Görmesini bilen bir göz bu toprakların haçlı zihniyetinin bütün fetih çabalarına rağmen Hristiyanlaşmadığını görüyor. Güneydeki Rumların ve AB desteğini alarak Megal-i Idea'larının 8nci ayağı olarak elde etmek istedikleri Kıbrıs Adasının fiilen Türk olduğunu Yunanistan'ın görmesi lazım. Rumların ve bütün dünyanın KKTC'de Türk İşgali altında olduğunu haykırmalarına rağmen tarih ilmi böyle demiyor. Kıbrıs'ta bugün tek işgal vardır. O da Güney Kıbrıs'taki Haçlı işgâlidir.
Bu gerçeğe ve son 29 yıllık mutlak Türk egemenliğine rağmen bu küçük ülkenin neden hâlâ İngiliz kanunları ile idare edildiğini anlamak mümkün değil. Yönetimi Türklerden gasbederek adayı 1914 yılında fiilen işgal ettiğini açıklayan İngiltere buradaki 46 yıllık hakimiyetinde bütün sistemlerini yerleştirmiş. 29 yıl sonra araçların direksiyonunun neden sağda olduğunu ve neden trafiğin tersten işlediğini anlamak mümkün değil. Hadi İngiltere bu ülke insanlarının beynini yıkadı diyelim.

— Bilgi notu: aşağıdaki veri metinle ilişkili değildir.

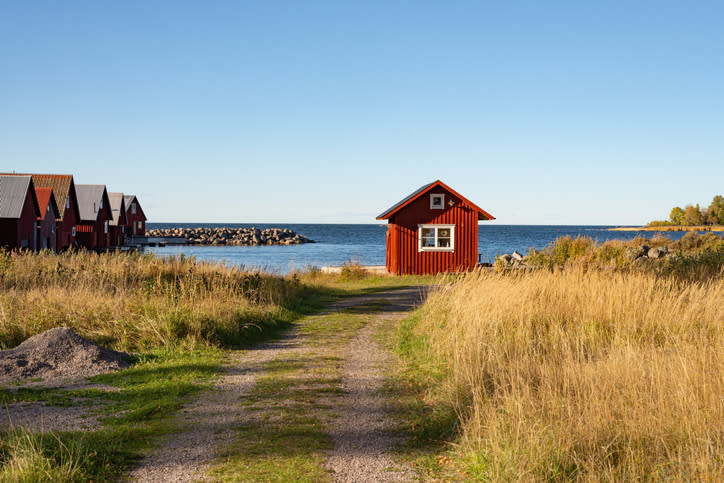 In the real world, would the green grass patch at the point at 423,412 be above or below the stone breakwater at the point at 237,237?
below

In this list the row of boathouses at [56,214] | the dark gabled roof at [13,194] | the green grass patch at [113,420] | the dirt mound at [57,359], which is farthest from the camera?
the row of boathouses at [56,214]

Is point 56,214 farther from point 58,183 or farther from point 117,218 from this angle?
point 117,218

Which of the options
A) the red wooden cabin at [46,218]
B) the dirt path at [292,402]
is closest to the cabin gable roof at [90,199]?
the red wooden cabin at [46,218]

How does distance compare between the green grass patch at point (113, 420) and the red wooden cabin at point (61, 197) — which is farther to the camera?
the red wooden cabin at point (61, 197)

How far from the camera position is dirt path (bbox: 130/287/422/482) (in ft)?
16.2

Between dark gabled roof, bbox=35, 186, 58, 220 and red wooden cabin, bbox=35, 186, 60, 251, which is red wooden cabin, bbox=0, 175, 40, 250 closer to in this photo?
red wooden cabin, bbox=35, 186, 60, 251

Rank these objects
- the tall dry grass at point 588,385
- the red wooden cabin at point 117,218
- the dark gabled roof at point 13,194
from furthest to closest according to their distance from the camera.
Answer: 1. the red wooden cabin at point 117,218
2. the dark gabled roof at point 13,194
3. the tall dry grass at point 588,385

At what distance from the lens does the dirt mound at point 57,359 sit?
27.3ft

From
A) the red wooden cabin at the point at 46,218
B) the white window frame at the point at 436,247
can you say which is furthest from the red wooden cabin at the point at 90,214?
the white window frame at the point at 436,247

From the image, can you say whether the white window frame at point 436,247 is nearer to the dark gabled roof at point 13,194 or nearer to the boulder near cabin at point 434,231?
the boulder near cabin at point 434,231

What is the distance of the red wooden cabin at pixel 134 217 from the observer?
75938 mm

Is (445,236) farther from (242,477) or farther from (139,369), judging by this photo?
(242,477)

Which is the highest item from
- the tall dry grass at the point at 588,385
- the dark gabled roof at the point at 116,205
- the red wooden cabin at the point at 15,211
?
the dark gabled roof at the point at 116,205

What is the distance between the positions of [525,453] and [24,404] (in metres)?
5.96
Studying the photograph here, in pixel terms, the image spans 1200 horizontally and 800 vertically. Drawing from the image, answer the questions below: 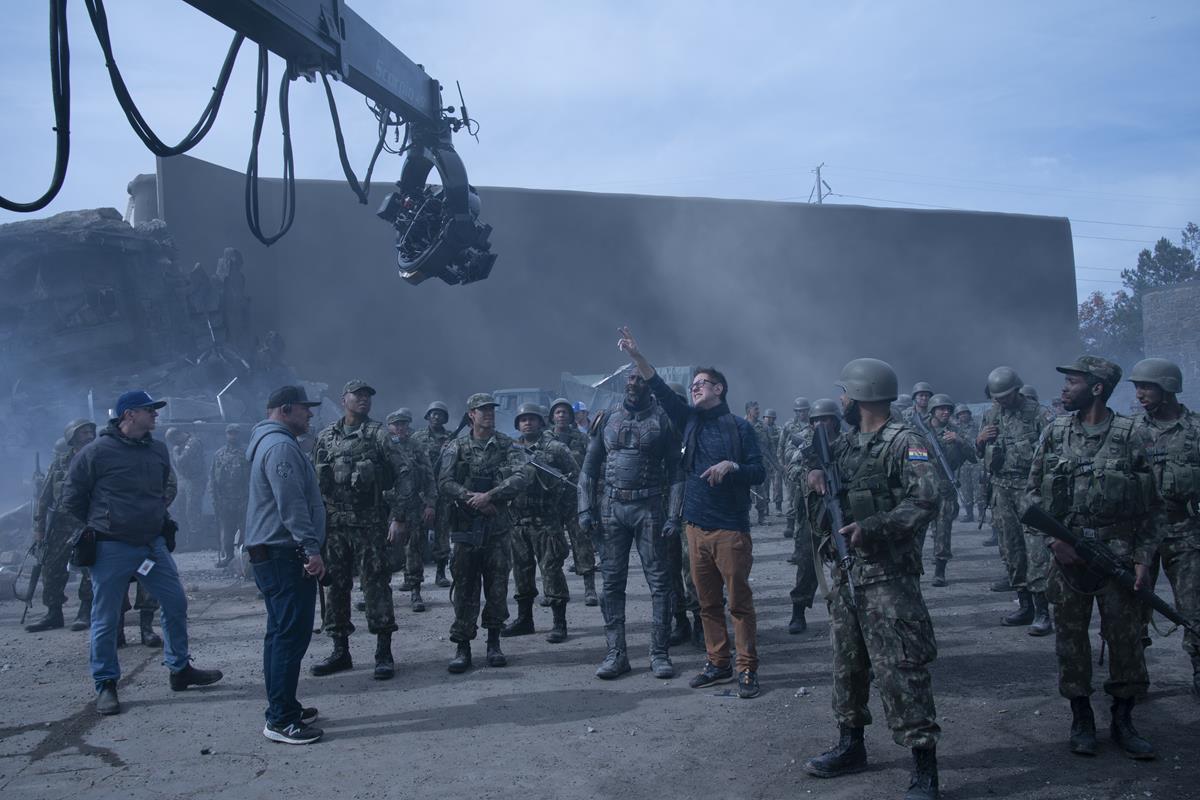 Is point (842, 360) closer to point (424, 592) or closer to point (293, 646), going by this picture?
point (424, 592)

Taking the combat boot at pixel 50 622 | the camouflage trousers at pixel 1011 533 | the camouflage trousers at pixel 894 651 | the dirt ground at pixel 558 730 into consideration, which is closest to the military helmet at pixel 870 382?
the camouflage trousers at pixel 894 651

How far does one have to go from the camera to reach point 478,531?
620 centimetres

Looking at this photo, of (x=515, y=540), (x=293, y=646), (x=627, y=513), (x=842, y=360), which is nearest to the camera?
(x=293, y=646)

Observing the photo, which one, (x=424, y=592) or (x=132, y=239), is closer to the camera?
(x=424, y=592)

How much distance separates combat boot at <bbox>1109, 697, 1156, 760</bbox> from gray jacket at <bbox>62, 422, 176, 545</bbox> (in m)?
5.98

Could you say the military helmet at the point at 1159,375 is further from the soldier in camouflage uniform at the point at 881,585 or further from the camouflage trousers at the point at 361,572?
the camouflage trousers at the point at 361,572

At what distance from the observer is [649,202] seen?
2834 centimetres

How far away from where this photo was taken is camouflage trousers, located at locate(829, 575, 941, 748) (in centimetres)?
365

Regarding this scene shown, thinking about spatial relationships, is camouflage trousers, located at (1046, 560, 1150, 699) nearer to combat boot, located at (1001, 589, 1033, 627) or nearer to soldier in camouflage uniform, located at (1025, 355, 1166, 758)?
soldier in camouflage uniform, located at (1025, 355, 1166, 758)

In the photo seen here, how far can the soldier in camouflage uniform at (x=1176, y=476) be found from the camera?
494cm

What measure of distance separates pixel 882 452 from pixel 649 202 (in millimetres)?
25407

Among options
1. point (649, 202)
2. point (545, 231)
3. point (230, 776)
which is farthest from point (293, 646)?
point (649, 202)

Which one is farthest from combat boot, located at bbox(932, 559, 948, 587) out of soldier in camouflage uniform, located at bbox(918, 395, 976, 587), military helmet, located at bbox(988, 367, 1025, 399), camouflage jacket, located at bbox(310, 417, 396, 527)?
camouflage jacket, located at bbox(310, 417, 396, 527)

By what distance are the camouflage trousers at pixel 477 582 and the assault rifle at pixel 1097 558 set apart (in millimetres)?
3632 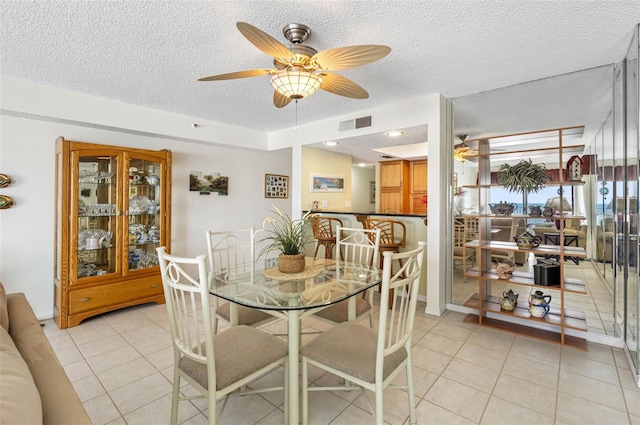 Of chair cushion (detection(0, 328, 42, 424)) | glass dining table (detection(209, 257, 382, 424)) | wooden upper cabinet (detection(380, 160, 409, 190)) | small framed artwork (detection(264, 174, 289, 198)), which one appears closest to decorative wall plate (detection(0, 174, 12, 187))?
glass dining table (detection(209, 257, 382, 424))

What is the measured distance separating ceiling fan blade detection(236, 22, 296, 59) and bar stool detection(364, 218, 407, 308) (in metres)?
2.27

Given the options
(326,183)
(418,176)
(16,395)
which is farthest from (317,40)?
(418,176)

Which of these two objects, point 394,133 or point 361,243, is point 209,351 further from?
point 394,133

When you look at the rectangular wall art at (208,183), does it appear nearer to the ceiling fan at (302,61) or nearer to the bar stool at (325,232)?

Biz Türkiye Cumhuriyeti olarak neden 29 yılda Türk Kültür ve geleneklerini, Türk usul ve sistemlerini buraya yerleştiremedik.
Bunun cevabını verebilecek bir makam olması lazım. Annan Plânında yer alan haritalarda Rum kesimine bırakılan yerleri gezdim. Kıbrıs Adasının en güzel, sulak ve en mümbit yeri olan Güzelyurt ovasında kilometrelerce uzayan narenciye bahçeleri içinden geçerken bir an buraların Rumlara terk edileceğini gözlerimin önüne getirdim ve çılgına döndüm. Bu güzel yerler harita oyunu ile elimizden alınıyor.Bunu kabul ettik diyelim. Bu haritanın dışında vermemiz istenen yerleri nasıl vereceğiz? İşin asıl korkunç yanı bu.
Bir kaç gündür kaldığım Girne'deki binaların yüzde doksanının Rum malı olduğunu ve Annan Planına göre bu malların eski sahiplerine geri verileceğini bilmek ise ayrı bir hıyanet olacaktır. Buradaki muhalefet liderlerinden Mehmet Ali Talat'ın evi dahil bir kaç bina dışında Türk Silahlı Kuvvetlerinin konuşlandığı tesisler dahil hepsi boşaltılacak ve Rumlara verilecekmiş. Pes doğrusu deyip çatlamamak için insanın sabır taşı olması gerekiyor.
Güç te olsa hayâl etmeğe çalışıyorum. 29 yıldır Kıbrıs semalarında dalgalanan Ayyıldızlı Bayrağın indirilerek yerine 12 havariyi temsil eden yıldızlarıyla AB ve Kıbrıs Rum kesiminin bayraklarının çekildiği merasimini düşünüyorum.Kendimi bu merasimi yapan Komutanın yerine koyuyorum. Kendimden utanıyorum. Meydanları süsleyen Atatürk heykellerinin nasıl yıkılacağını gözlerimin önüne getiriyorum. ABD askerleri ile birlikte Saddam heykellerini yıkan Irak'lıların görüntülerinin yerine Rum Askerleri ile kendilerini "kayıtsız şartsız çözüm diyerek Rumların kucağına atmaya hazır" Talat ve adamlarını koyuyorum. Sokaklarda tekmelenecek Atatürk başları gözümün önüne geliyor.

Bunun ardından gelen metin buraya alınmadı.